Tuesday, April 16, 2013

GAGA: GPU Accelerated Greedy Algorithms - implementation -

Jared Tanner just sent me the following:

Dear Igor, 
Hope this reaches you well. Jeff Blanchard and I have been developing GPU code for greedy compressed sensing algorithms, and it has now reached a sufficient stage of polish to be release online.
It would be great if you could mention it on Nuit Blanche. There are two accompanying papers, one on the software: 
and another on using the code to generate large amounts of date comparing the performance of algorithms, and develop "algorithm selection maps" where one can indicate which algorithm is quickest for a given type of matrix and sparse vector: 
This second paper was just recently posted. It is amazing how much data one can get with code this quick….
All the best,
Jared Tanner
Professor of the Mathematics of Information
Mathematics Institute
University of Oxford
Thanks Jared ! From the GAGA page:

GPU Accelerate Greedy Algorithms for Compressed Sensing

Welcome to GAGA, a software package for solving large compressed sensing problems with millions of unknowns in fractions of a second by exploiting the power of graphics processing units.  The current release consists of five greedy algorithms using five matrix ensembles.  This release is set to compile as Matlab executables to enhance your compressed sensing research and applications.  A user guide is available for download detailing the capabilities inluding simple implementations for large-scale testing at problem sizes previously too computationally expensive for extensive testing.
The current version, GAGA 1.0.0, contains five algorithms and is equipped with three clases of matrix multiplication, generic dense matrices, sparse matrices, and the subsampled discrete cosine transform. For large-scale testing, there are a total of five randomly generated matrix ensembles and three randomly generated sparse vector ensembles. For applications, the algorithms are equipped to employ any dense matrix and any sparse matrix in COO format (the default in Matlab). GAGA provides massive acceleration with up to 70x speed-ups in the algorithms' subroutines over a CPU based matlab implementation. For large scale testing, the GPU based random problem generation can offer up to 1600x acceleration.
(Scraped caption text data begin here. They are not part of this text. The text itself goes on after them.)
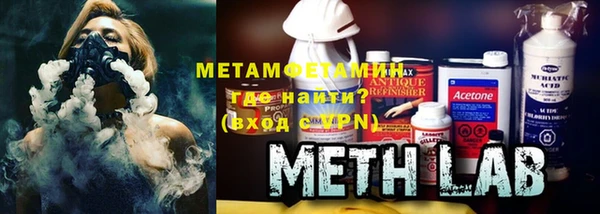 MDMA Богородск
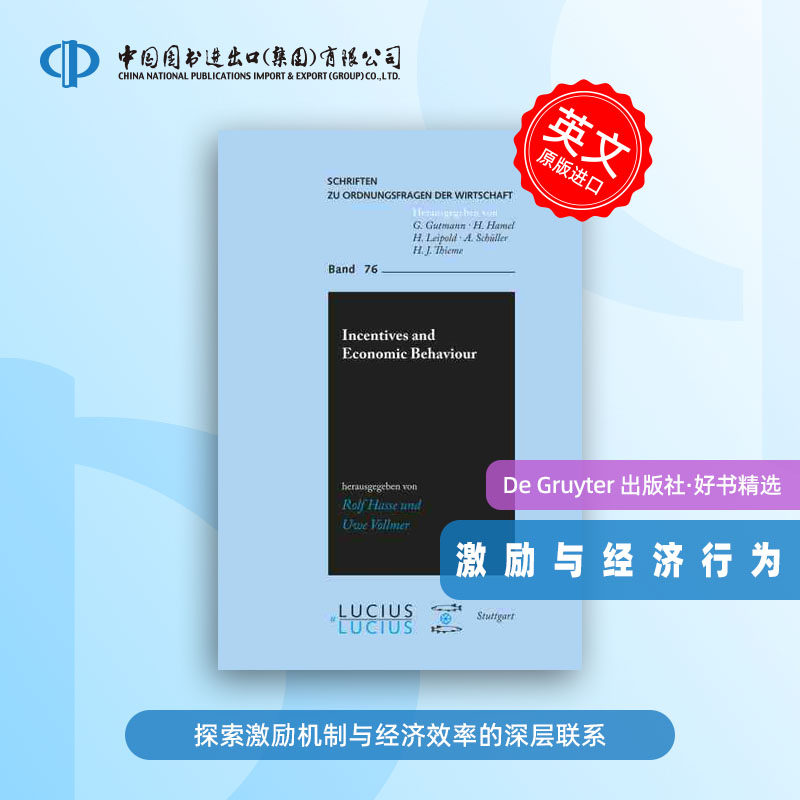 预售 按需印刷 Incentives and Economic Behaviour 激励和经济行为 探索激励机制与经济效率的深层联系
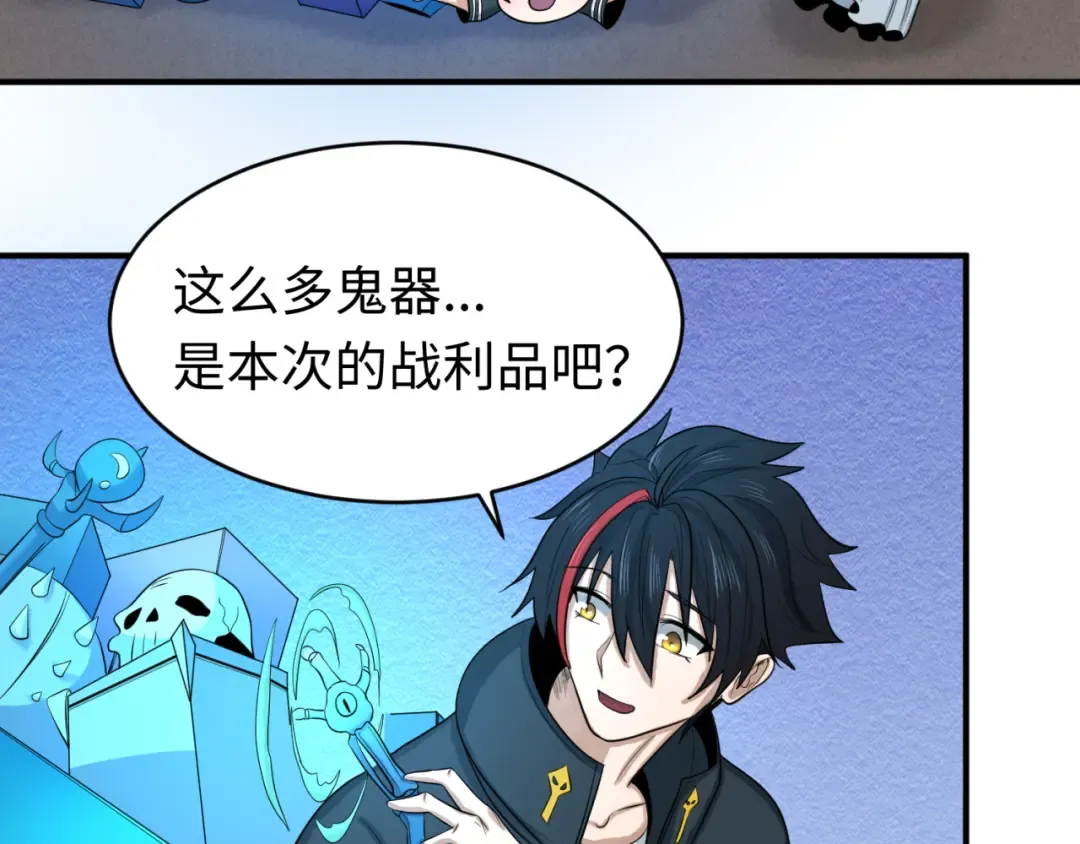 第67话 绑定鬼画！ 第59页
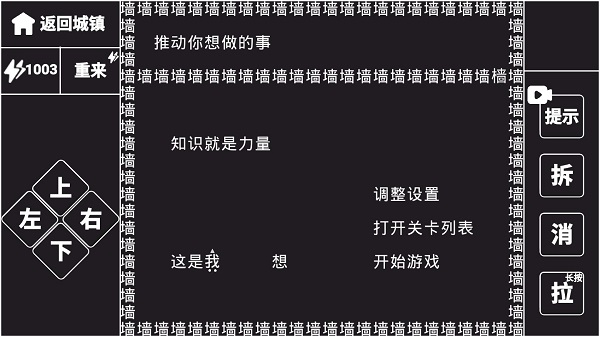 知识就是力量最新版截图1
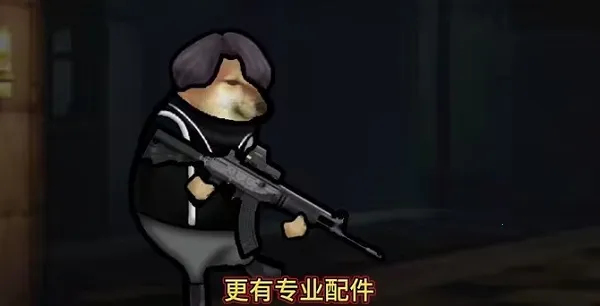 �޹�������������Σ�����ذ�װ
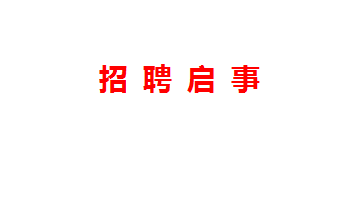 招聘啓事(shì)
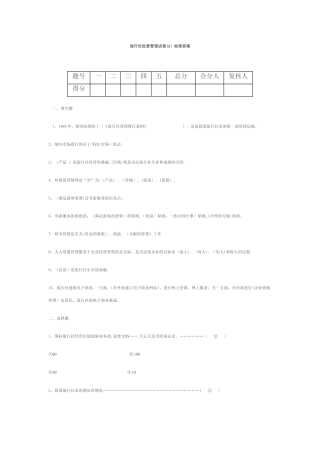 旅行社经营管理试卷及答案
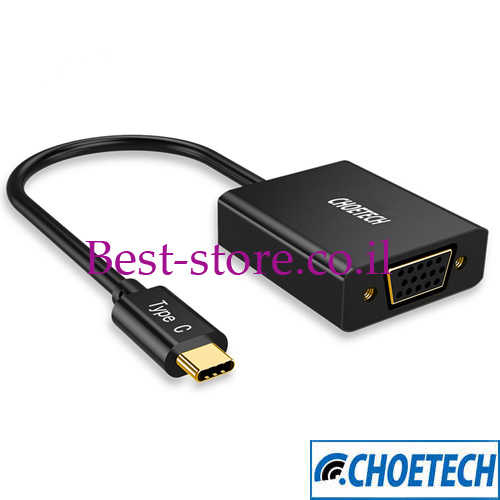 כבל מתאם USB Type-C זכר - VGA נקבה באורך 20 ס''מ CHOETECH 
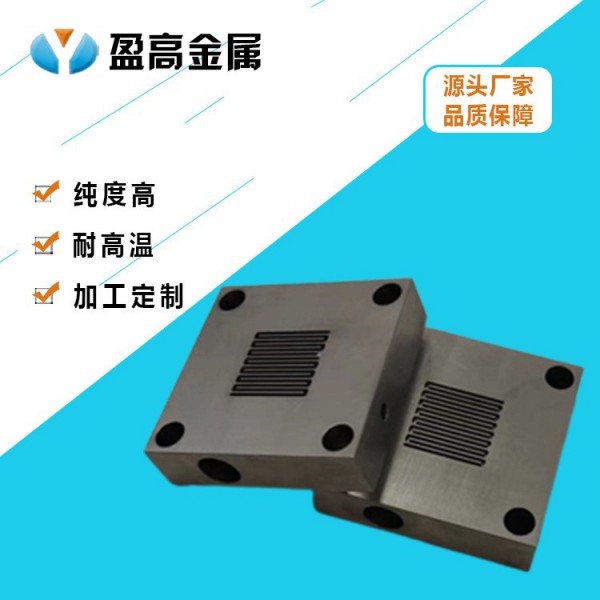 廠家定制氫燃料電池電堆鈦雙極板鈦電極板鈦陽極圖2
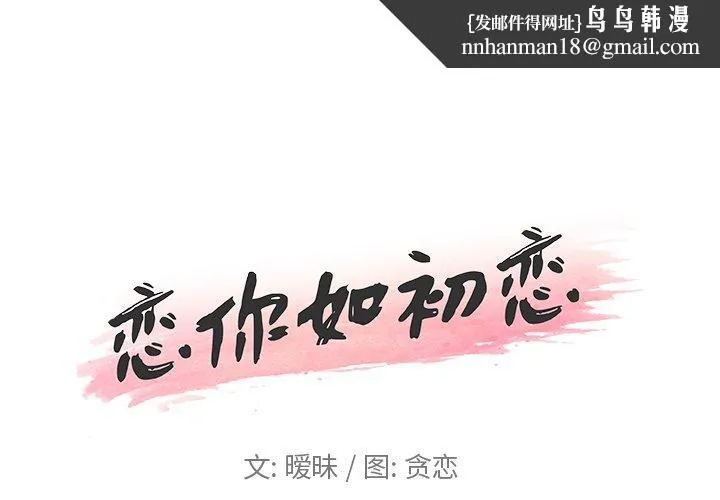 恋你如初恋 第11话 第1页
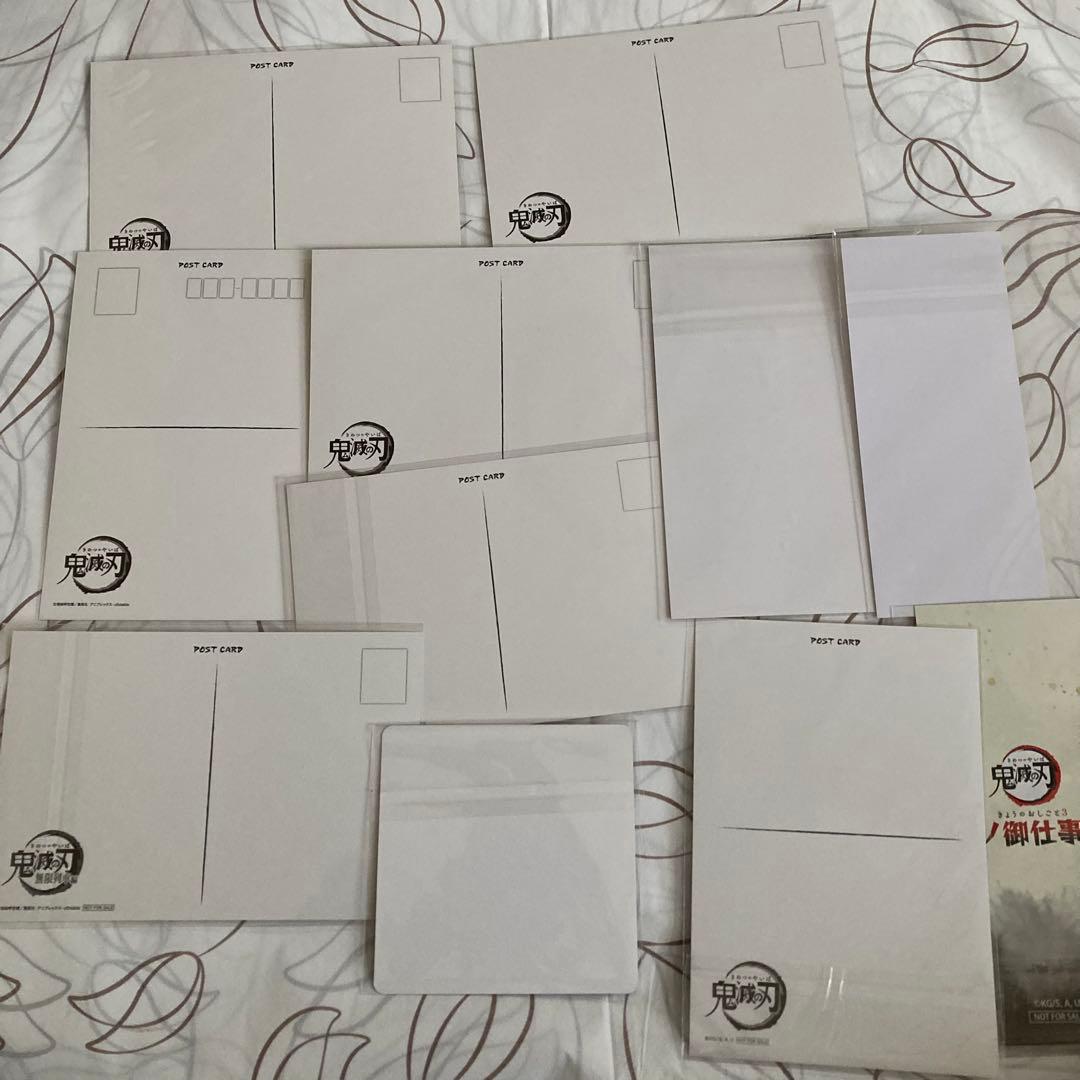 鬼滅の刃 立志編 おすそ分けポストカード 冨岡義勇 ニンゲンノモリ 映画特典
GAGA can be downloaded from here.

The attendant papers are:

For appropriate matrix ensembles, greedy algorithms have proven to be an efficient means of solving the combinatorial optimization problem associated with compressed sensing. This paper describes an implementation for graphics processing units (GPU) of hard thresholding, iterative hard thresholding, normalized iterative hard thresholding, hard thresholding pursuit, and a two-stage thresholding algorithm based on compressive sampling matching pursuit and subspace pursuit. The GPU acceleration of the former bottleneck, namely the matrix-vector multiplications, transfers a significant portion of the computational burden to the identification of the support set. The software solves high-dimensional problems in fractions of second which permits large-scale testing at dimensions currently unavailable in the literature. The GPU implementations exhibit up to 70x acceleration over standard Matlab central processing unit implementations using automatic multi-threading.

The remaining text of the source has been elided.